Ben Nadel
On User Experience (UX) Design, JavaScript, ColdFusion, Node.js, Life, and Love.
I am the chief technical officer at InVision App, Inc - a prototyping and collaboration platform for designers, built by designers. I also rock out in JavaScript and ColdFusion 24x7.
Meanwhile on Twitter
Loading latest tweet...
Ben Nadel at Scotch On The Rocks (SOTR) 2011 (Edinburgh) with:

Learning ColdFusion 8: REMatch() For Regular Expression Matching

By Ben Nadel on
Tags: ColdFusion

ColdFusion has been awesome at finding regular expressions in strings with REFind() and REFindNoCase() and it has been easy to alter strings with regular expressions using REReplace() and REReplaceNoCase(). But, until now, ColdFusion has been extremely weak when it came to retrieving substrings from a chunk of text using regular expressions. Thankfully, ColdFusion 8 has introduced REMatch() and REMatchNoCase(). REMatch() searches through a string using a regular expression and returns all matching patterns in an array.

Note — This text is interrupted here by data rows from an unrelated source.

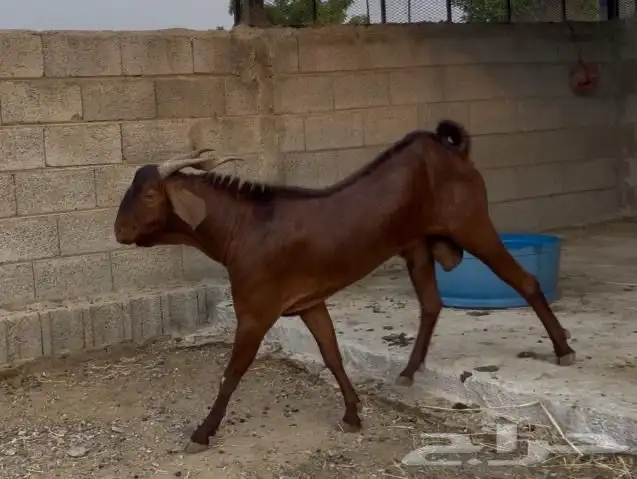 فحل ادهم ادبس رباع 8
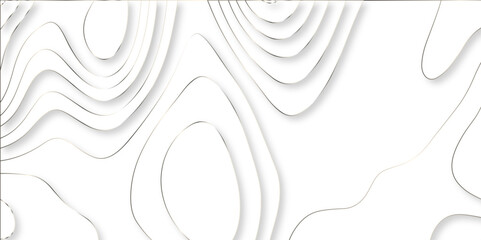 paper cut 3d render topography abstract, beautiful white Background. geometric map relief texture with curved layers and shadow. Realistic papercut decoration textured with wavy vector design.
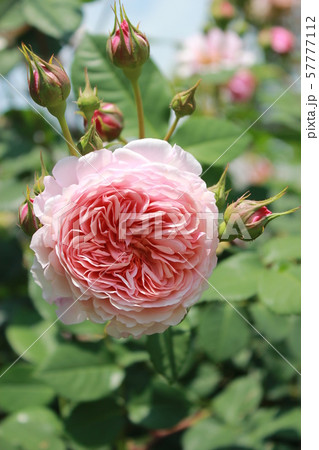 バラ ウィリアムモーリスの写真素材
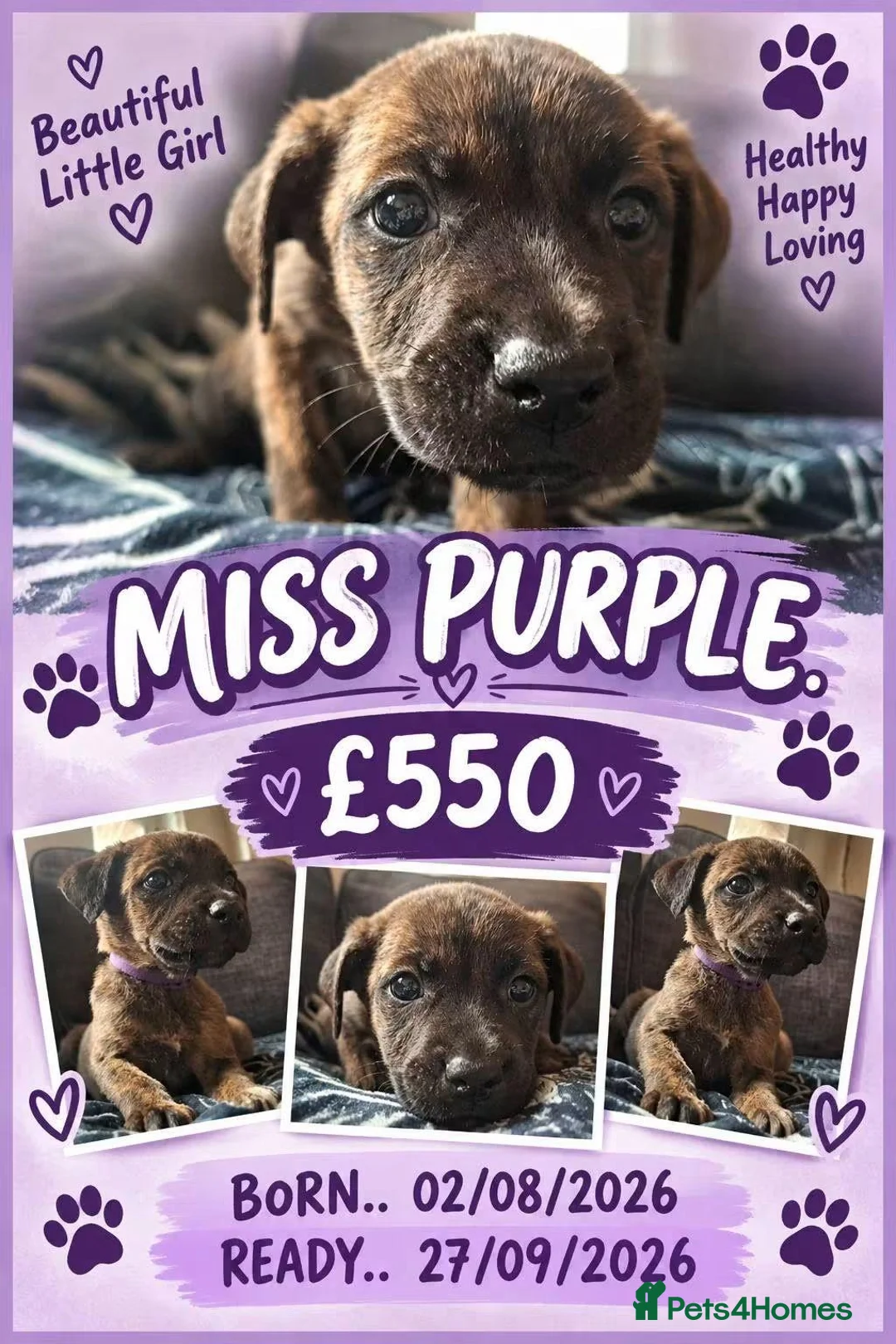 Mixed Breed dogs for sale: 1 Girl Left - Advert 5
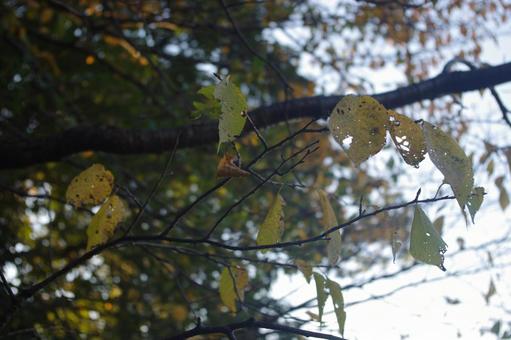 木漏れ日が穏やかな森　6 森,林,木の写真素材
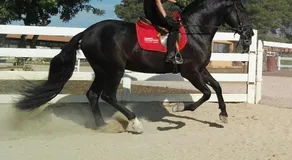 Rocaplana Club De Campo - Image 2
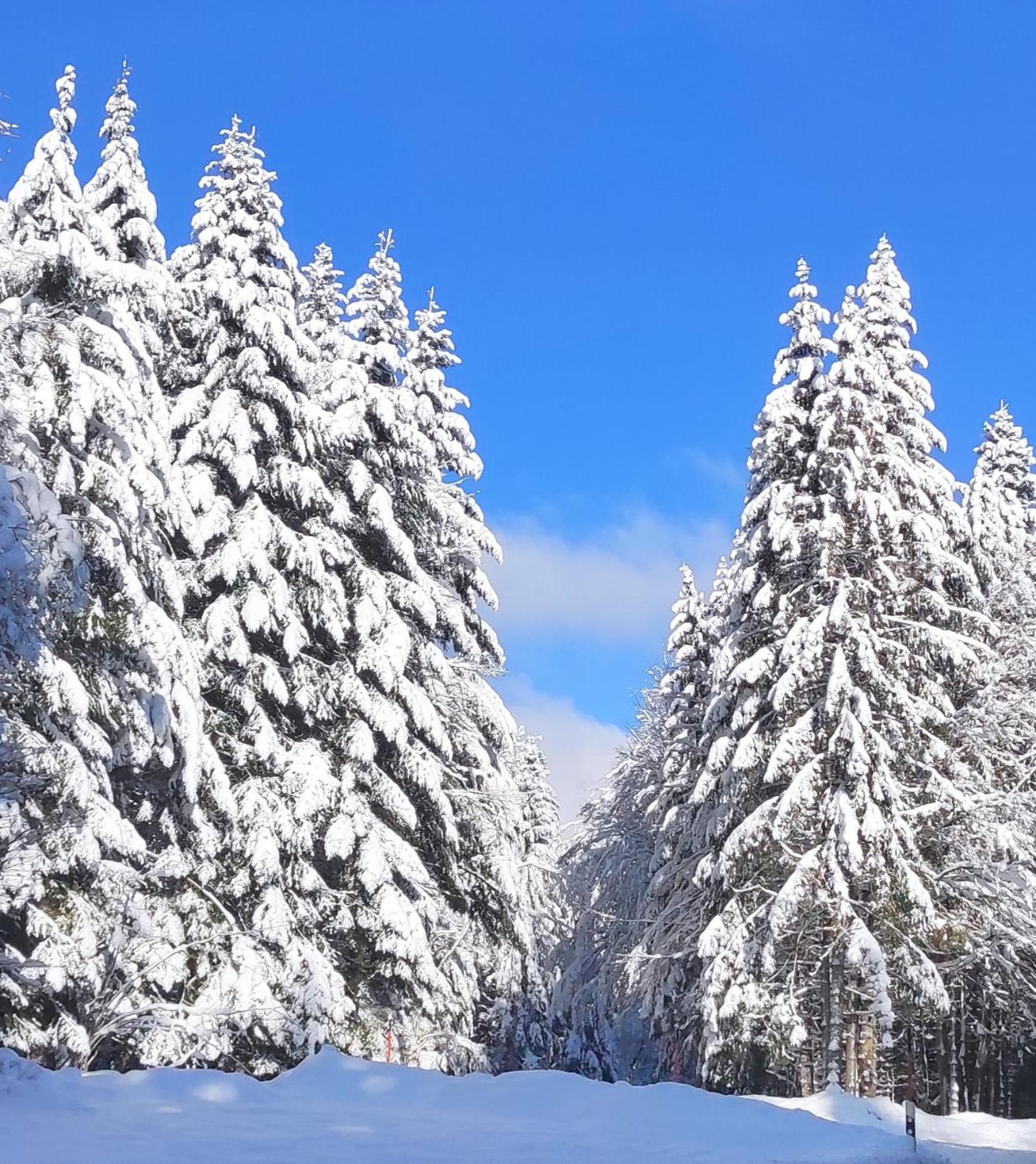Ferienwohnung Tannenballett mit Panorama über den Schwarzwald in Baiersbronn
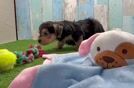 Yorkie Poo Pup Being Cute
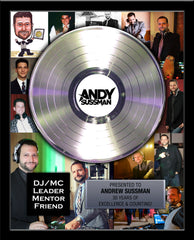 DJ & RADIO STATION PLATINUM RECORD Achievement Award 18" x 22" Framed 12" - Metalized Platinum Reco rd
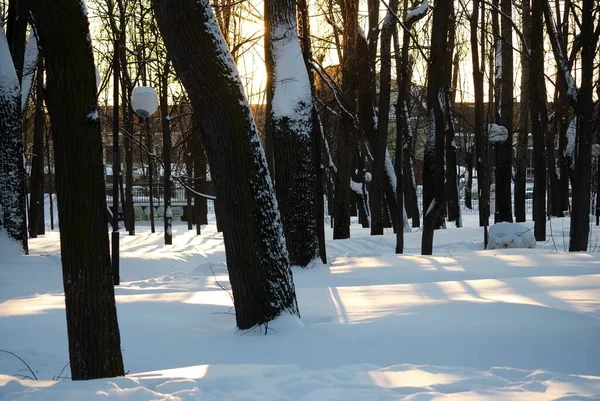 Shadows Trees Park Winter — Stock Photo, Image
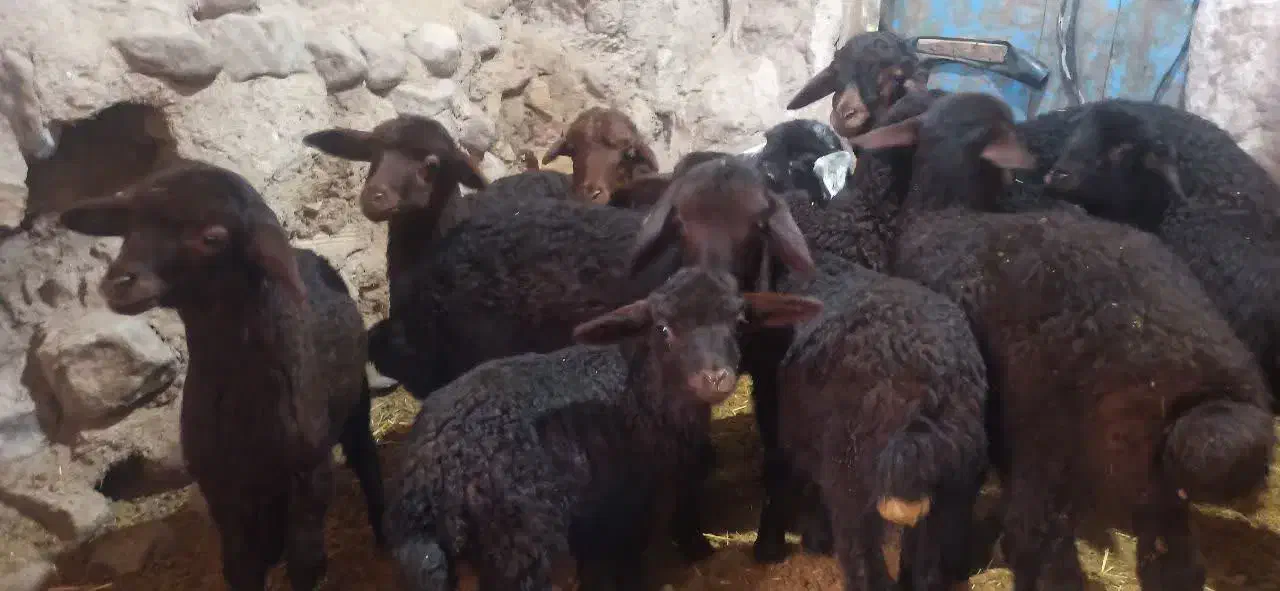 میش و بره|حیوانات مزرعه|سرولایت, |دیوار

To demonstrate the power and ease of use of this new regular expression matching function, let's grab some search results from Google.com and then from that content, let's grab out the titles and links using a regular expression:

  • <!---
  • Let's search for some google results for the phrase
  • "Maria Bello is hot" (seriously!!). We are going to
  • grab the first page in our CFHttp object.
  • --->
  • <cfhttp
  • url="http://www.google.com/search?q=maria+bello+is+hot"
  • method="GET"
  • useragent="#CGI.http_user_agent#"
  • result="objGet">
  •  
  • <!---
  • Tell Google that we just came from the Google.com
  • home page. This is not necessary, really, but it is
  • good practice when dealing with better security.
  • --->
  • <cfhttpparam
  • type="CGI"
  • name="referer"
  • value="http://www.google.com"
  • />
  •  
  • </cfhttp>
  •  
  •  
  • <!---
  • Now, we want to grab all of the titles from our
  • search results. Based on looking at the source of
  • the results page, we can gather that there is a
  • consistent pattern for the HTML. We can use this
  • pattern to create a regular expression based on
  • the H2 tags and A tags.
  • --->
  • <cfset arrTitles = REMatch(
  • "(?i)<h2 class=r><a[^>]+>.+?</a></h2>",
  • objGet.FileContent
  • ) />
  •  
  •  
  • <!---
  • At this point, our arrTitles should be an array that
  • holds zero or more (hopefully more) matches to our
  • above regular expression.
  • --->
  • <cfdump
  • var="#arrTitles#"
  • label="Maria Bello Is Hot REMatch()"
  • />

Here, we are using the combination of H2 and A tags to create our search results pattern. Running the above code, we get the following CFDump output:


 
 
 

 
ColdFusion REMatch() Regular Expression Matching  
 
 
 

How easy was that?!?

If you have not performed this action before, you might not even realize what kind of a gold mine this is. Let's compare the REMatch() function to how something like this would have been accomplished in pre-ColdFusion-8 days. One way would be to keep looping over REFind() using the Len and Pos arrays... but honestly, that is the most ghetto of all possible solutions and it is shameful that ColdFusion even wanted people to do that (no offense if that's how you do it). So, instead, I will compare this to the ColdFusion / Java equivalent.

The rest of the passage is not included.